Trago apenas o coração que sobreviveu às derrotas,
A memória daqueles que partiram,
E a coragem de continuar quando ninguém anuncia a vitória.
Não vejo mais você, mas não amaldiçoo a distância.
Ela também pertence ao grande mapa da vida.
As montanhas conhecem a separação das nuvens,
Os rios conhecem o abandono das nascentes,
E ainda assim todos seguem em direção ao mar que os espera.

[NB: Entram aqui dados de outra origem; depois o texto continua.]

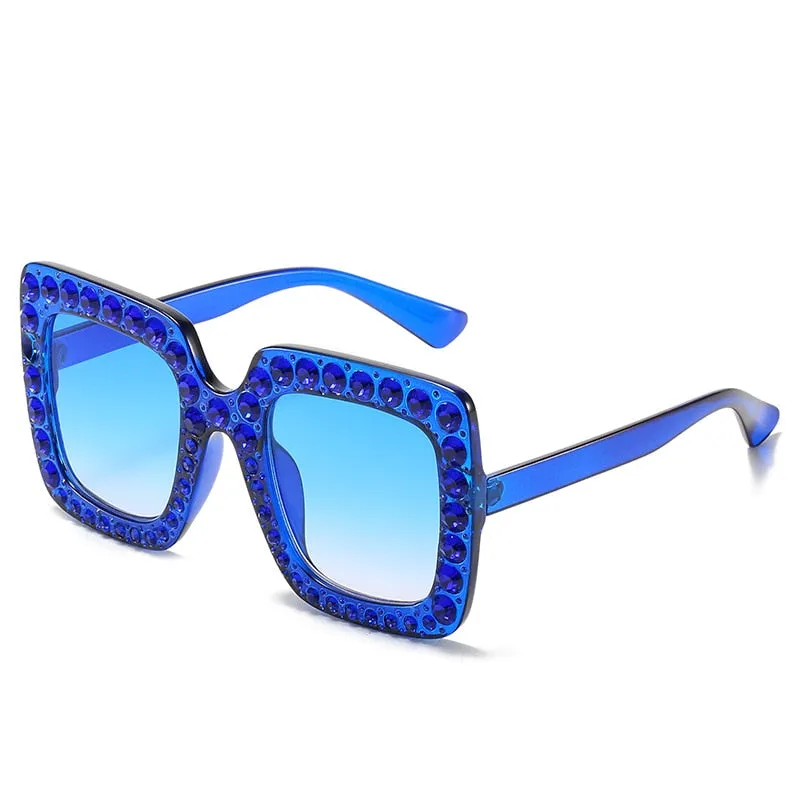 Maran Nerd Chic Oversized Rhinestone Square Sunglasses - 10 Colors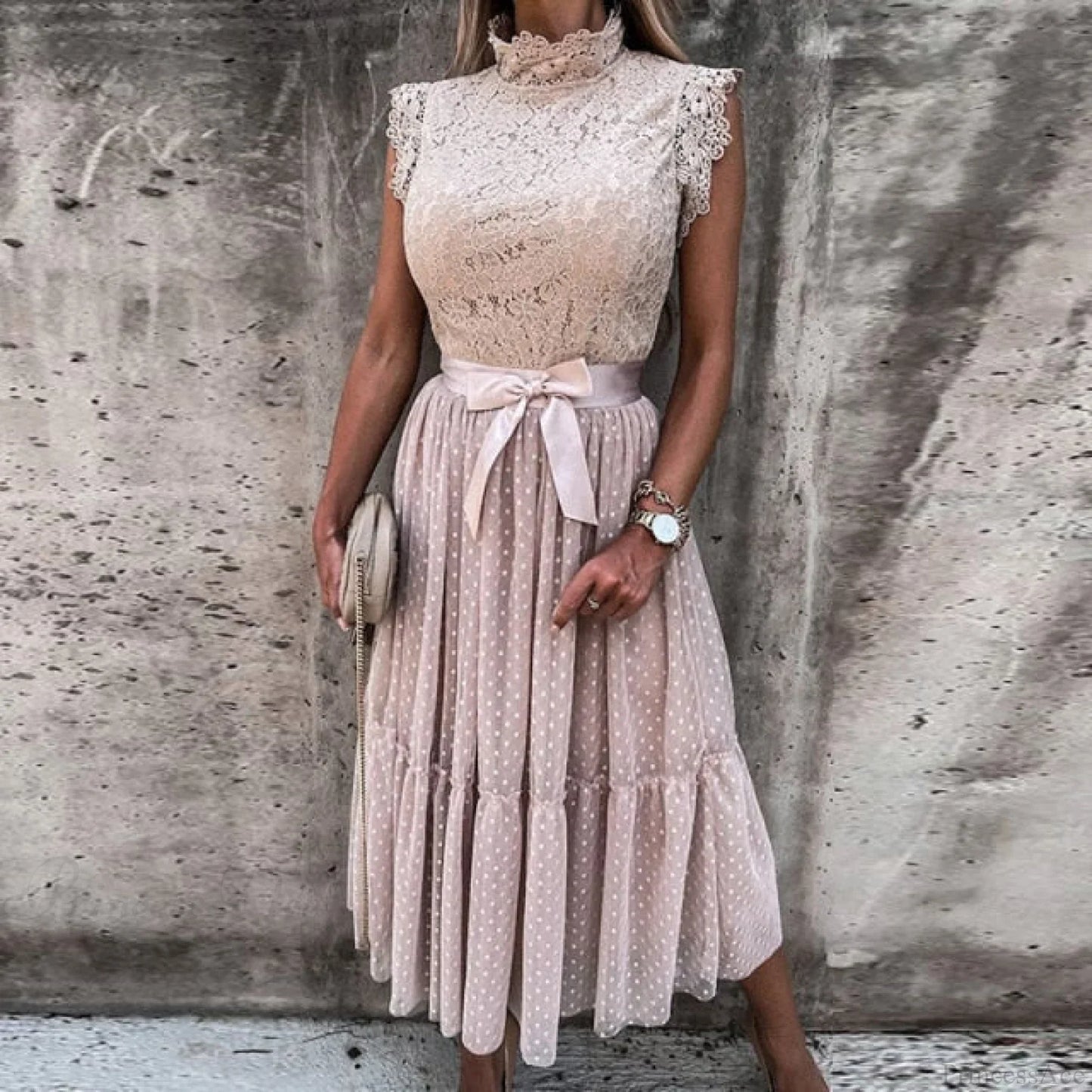 Elegant Crochet Lace Patchwork Flower Dress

Eu canto os homens e as mulheres que aprenderam a perder.
Canto os que enterraram sonhos e semearam esperança sobre a terra revolvida.
Canto os que atravessaram desertos sem promessas,
Os que fizeram do silêncio uma oficina para a alma,
E transformaram as cicatrizes em testemunhas da própria grandeza.
Que o tempo venha com seus invernos e suas tempestades.
Que os dias retirem de mim aquilo que jamais me pertenceu.
Não renunciarei ao espanto diante do céu,
Nem ao desejo de abraçar o mundo inteiro
Como um viajante que reconhece em cada rosto um irmão.
Assim avanço, sem pedir que o passado retorne.
Cada passo é um hino oferecido à existência.
Se um dia meu nome desaparecer entre as poeiras do caminho,
Que permaneça ao menos esta certeza:
Vivi caminhando, vivi cantando, vivi inteiro diante da imensidão.